Così riporta il Talmud (Chagigah 14b):

"I nostri Saggi hanno insegnato: quattro persone entrarono nel Pardes: Ben Azzai, Ben Zoma, Acher e Rabbi Akiva. Rabbi Akiva disse loro: 'Quando arriverete alle pietre di marmo bianco non dite: Acqua! Acqua!', poiché è scritto: Colui che dice menzogne non potrà stare davanti ai miei occhi."
Così hanno insegnato i nostri saggi: quattro persone sono entrate nel Pardes ed erano: Ben Azzai, Ben Zoma, Acher e Rabbi Akiva. Rabbi Akiva disse loro: "Quando arriverete alle pietre di marmo bianco non dite: 'Acqua! Acqua!', dato che è scritto: colui che dice menzogne non potrà stare davanti ai miei occhi".
Ben Azzai guardò e morì, e di lui il verso dice: "Preziosa agli occhi di D-o è la morte dei suoi pii". Ben Zoma guardò e rimase ferito, e di lui dice il verso: "Hai trovato miele, basta mangiarne, o altrimenti ti sazierà al punto di vomitarlo". Acher si mise a tagliare i virgulti. Rabbi Akiva uscì in pace.

Pur nella sua estrema concisione, questo brano ci narra le sorti molto diverse di quattro tra i più grandi maestri del Talmud che si cimentarono in una specie di ascesa mistica verso ciò che viene chiamato Pardes, il giardino dei segreti.

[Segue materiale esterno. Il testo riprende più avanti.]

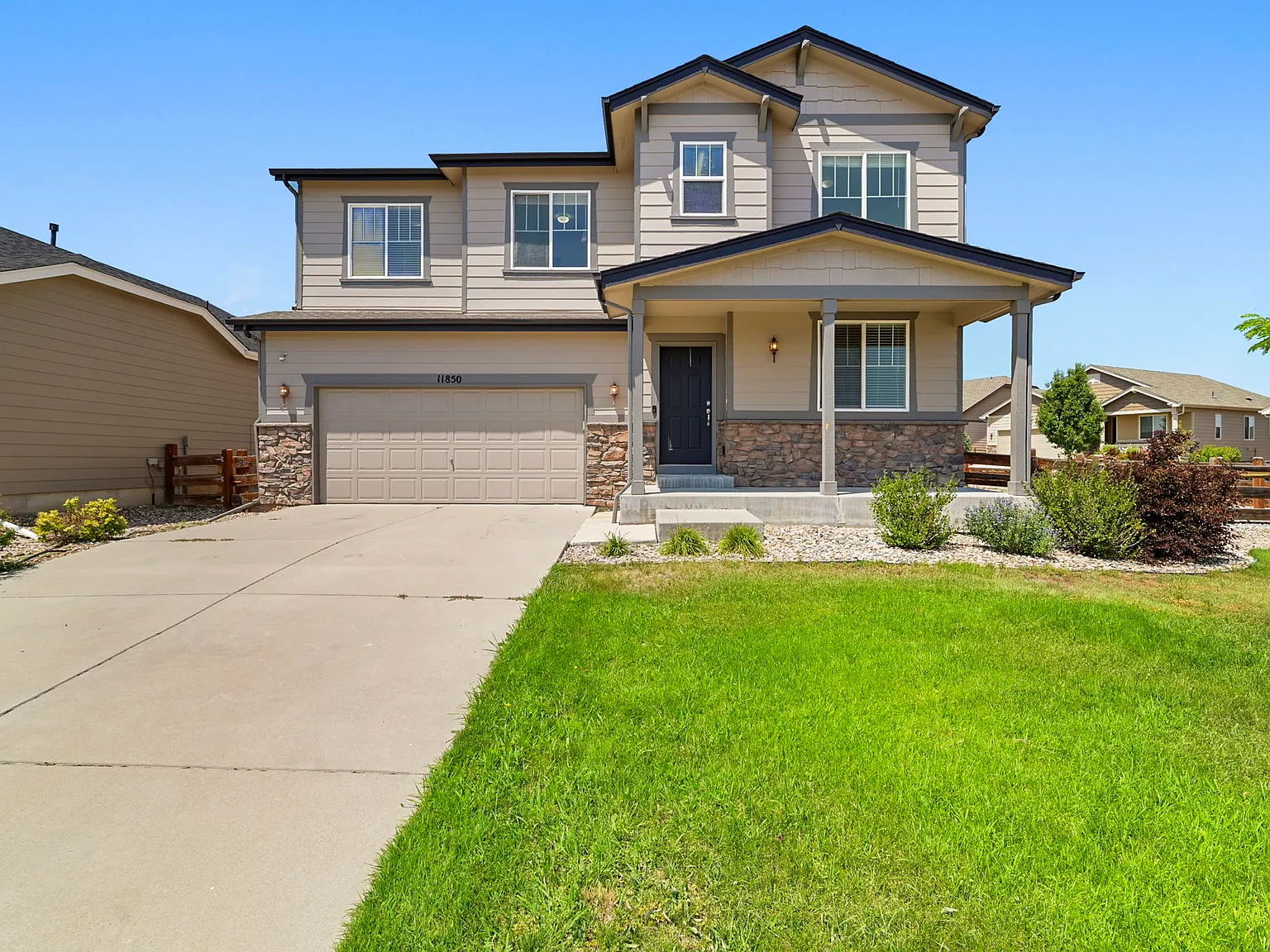 5 bed, 3.5 bath, 3472 sqft, $2,600 — Photo 1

Secondo il brano, la percentuale di successo fu molto bassa: solo il 25%, uno su quattro. Il primo maestro, Ben Azzai, morì come risultato dell'intensità di ciò che vide. Il secondo, Ben Zoma, ne riportò un grave danno ai propri equilibri psichici. Il terzo, Acher (il cui vero nome era Elisha ben Abuyah), perse la fede e divenne un apostata. La frase "si mise a tagliare i virgulti" è un eufemismo per indicare che cercò di convincere i giovani studenti ad abbandonare la via religiosa. Solo Rabbi Akiva uscì in pace, cioè completo (alcune versioni dicono: "entrò in pace ed uscì in pace").

Questo brano viene spesso citato da chi si oppone allo studio della Kabbalah, sostenendo che la ricerca di esperienze mistiche sia pericolosa. In questo breve articolo ci proponiamo però di rovesciare tale interpretazione.

I quattro livelli della Torah

L'assunto di base è che il Pardes non è soltanto uno stato mistico raro, ma è l'intera realtà nella quale viviamo. La parola Pardes è composta da quattro lettere che formano l'acrostico di Peshat, Remez, Derash, Sod:

  • Peshat: il senso letterale, storico, etico.
  • Remez: il livello simbolico (es. il sole e la luna nel sogno di Giuseppe rappresentano i genitori).
  • Derash: il livello omiletico, che espande il testo con logica e ragione per chiarire aspetti etici e legali.
  • Sod: il segreto, la parte mistica e cabalistica.

Questi quattro gradini sono presenti in ogni brano della Torah e sono tutti ugualmente importanti. Fin dal momento della nostra nascita entriamo nel Pardes. Il racconto talmudico descrive i rischi di chi sceglie soltanto uno di questi livelli, escludendo gli altri.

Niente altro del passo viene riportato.